*Assignment*
Could you retype the lines below, starting at the line holding "Set de muebles" and stopping at the line holding "Grijze pull ronde hals met color blocking", inclusive? Copy them exactly and drop the images.

*Records*
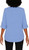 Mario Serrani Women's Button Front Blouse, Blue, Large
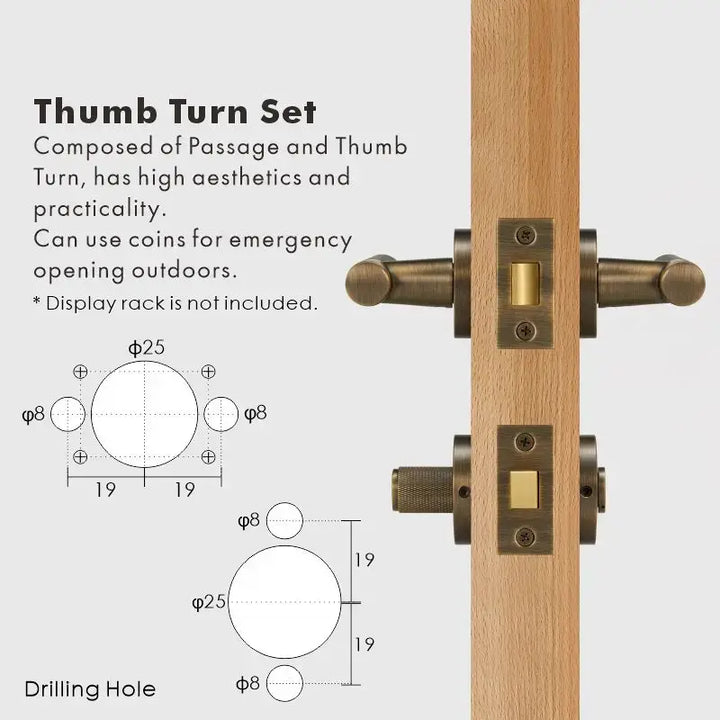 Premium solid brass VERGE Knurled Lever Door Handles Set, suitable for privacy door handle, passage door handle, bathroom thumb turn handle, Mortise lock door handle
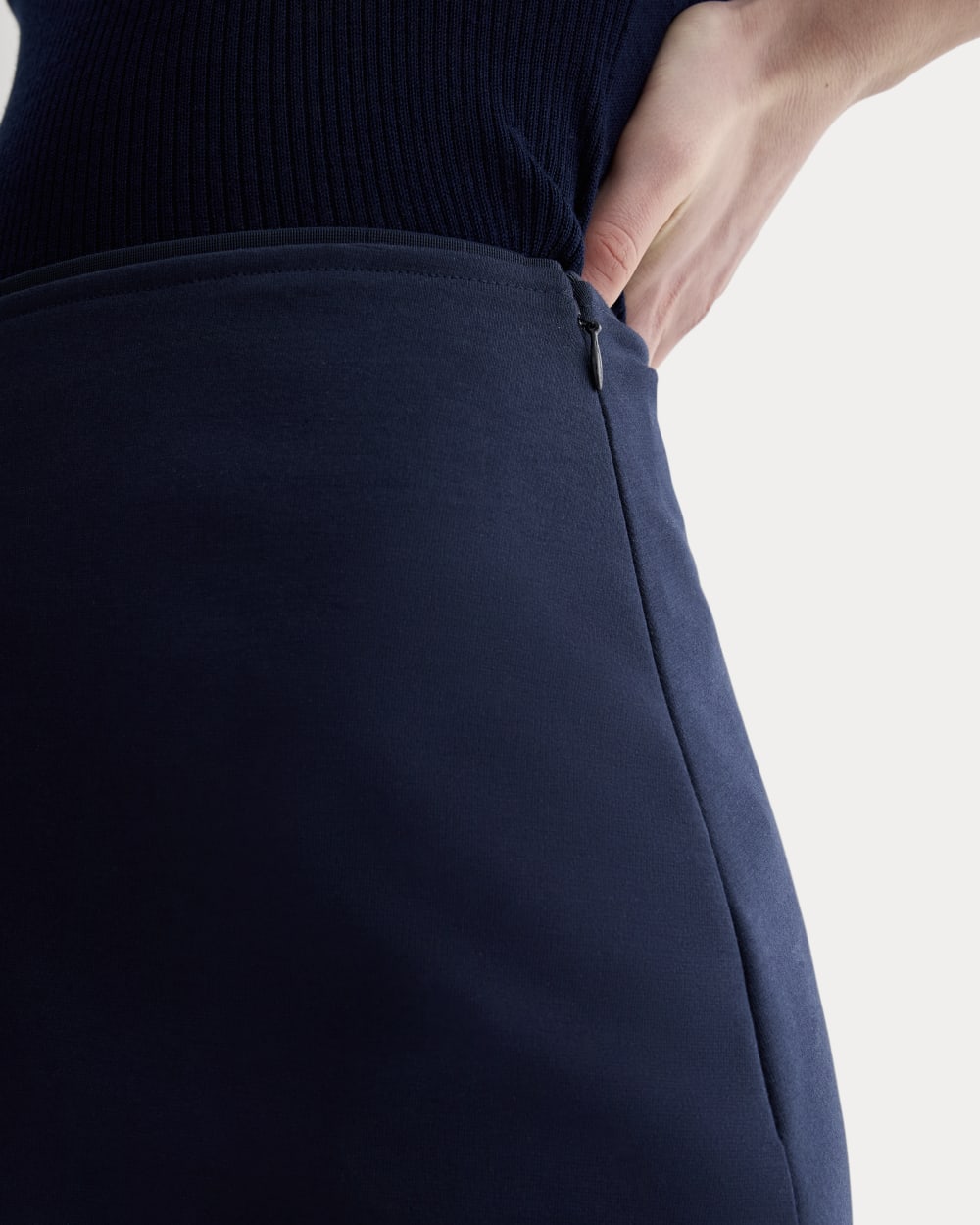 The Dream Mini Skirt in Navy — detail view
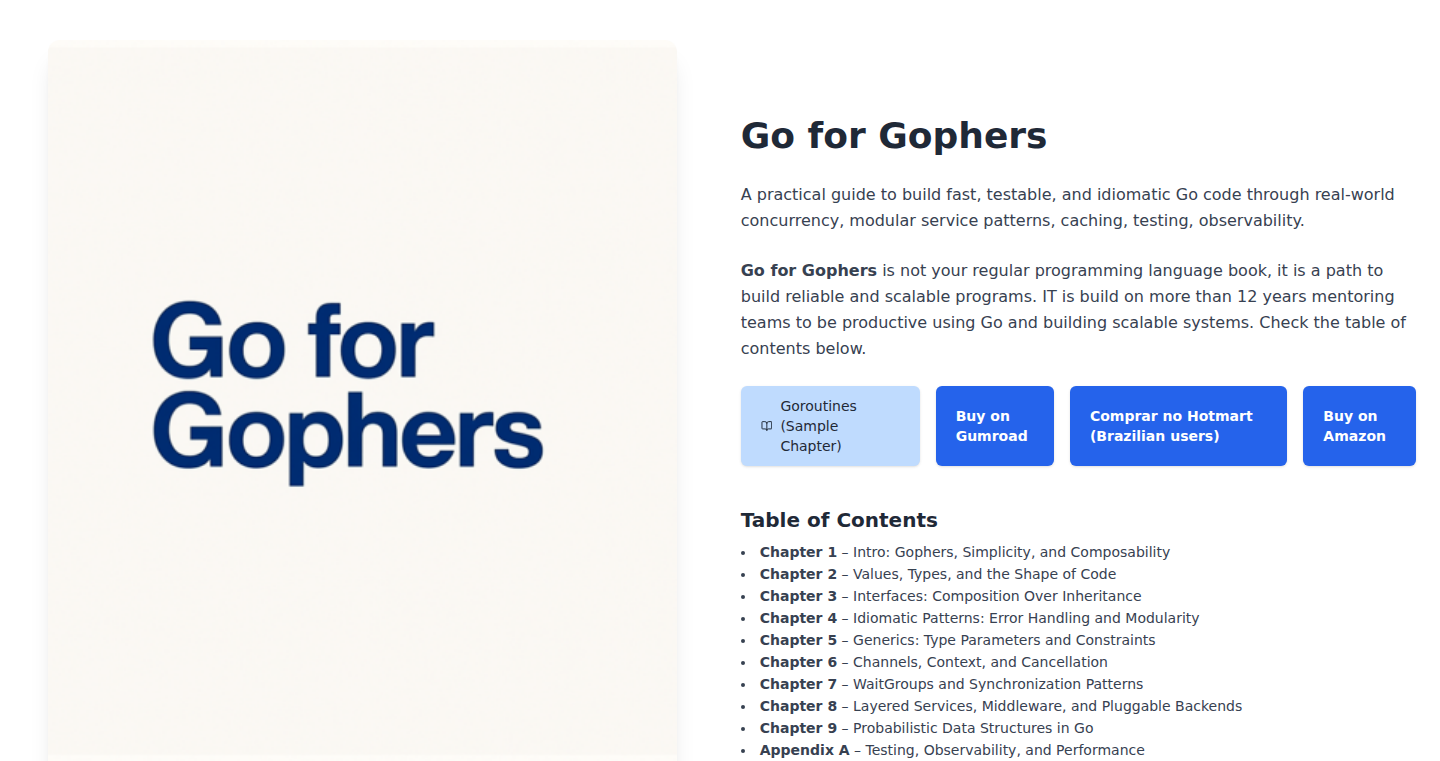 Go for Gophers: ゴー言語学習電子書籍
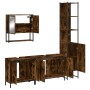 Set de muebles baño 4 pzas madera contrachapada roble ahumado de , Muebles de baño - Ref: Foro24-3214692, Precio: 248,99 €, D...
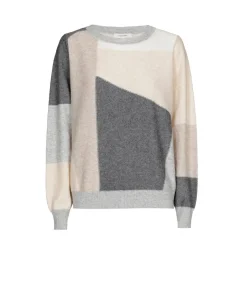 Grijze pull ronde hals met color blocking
...
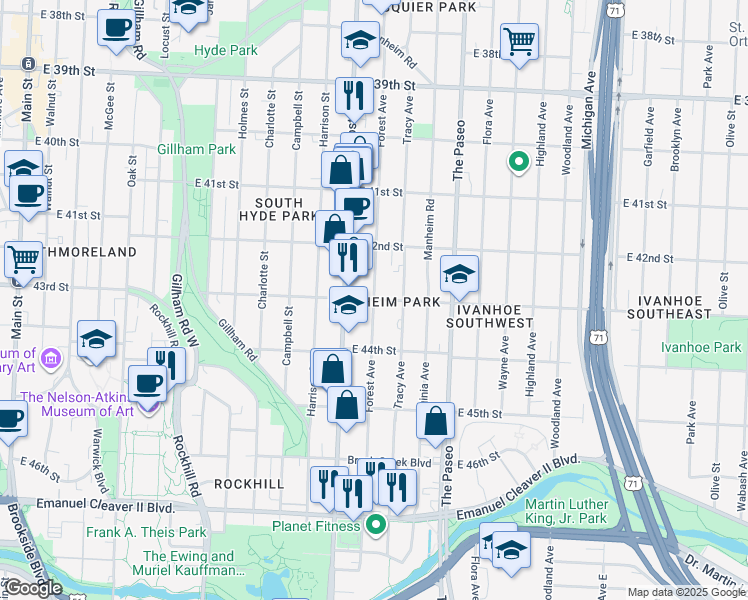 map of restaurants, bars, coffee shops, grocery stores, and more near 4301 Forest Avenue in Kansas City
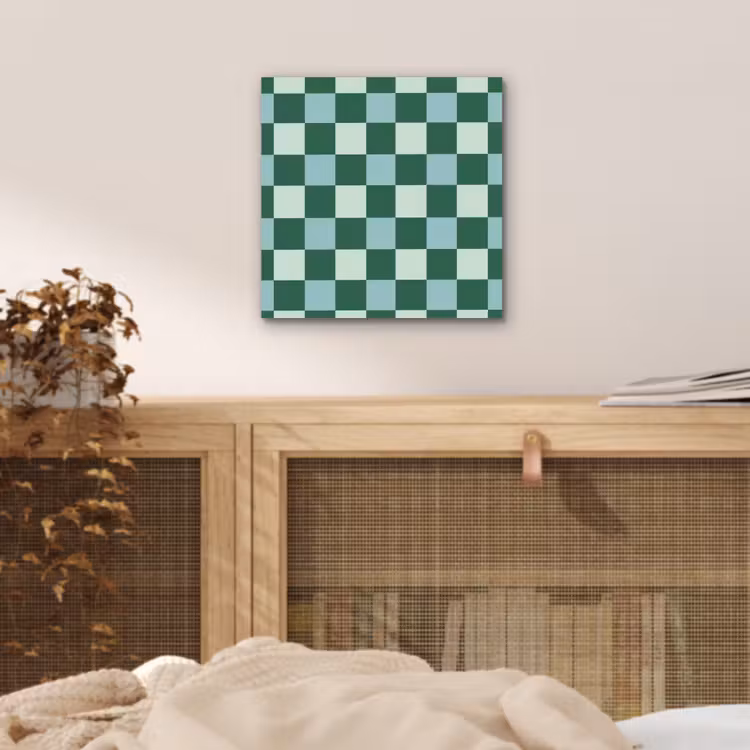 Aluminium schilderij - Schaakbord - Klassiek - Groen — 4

*Response to this exercise*
 Set de muebles baño 4 pzas madera contrachapada roble ahumado de , Muebles de baño - Ref: Foro24-3214692, Precio: 248,99 €, D...
 Grijze pull ronde hals met color blocking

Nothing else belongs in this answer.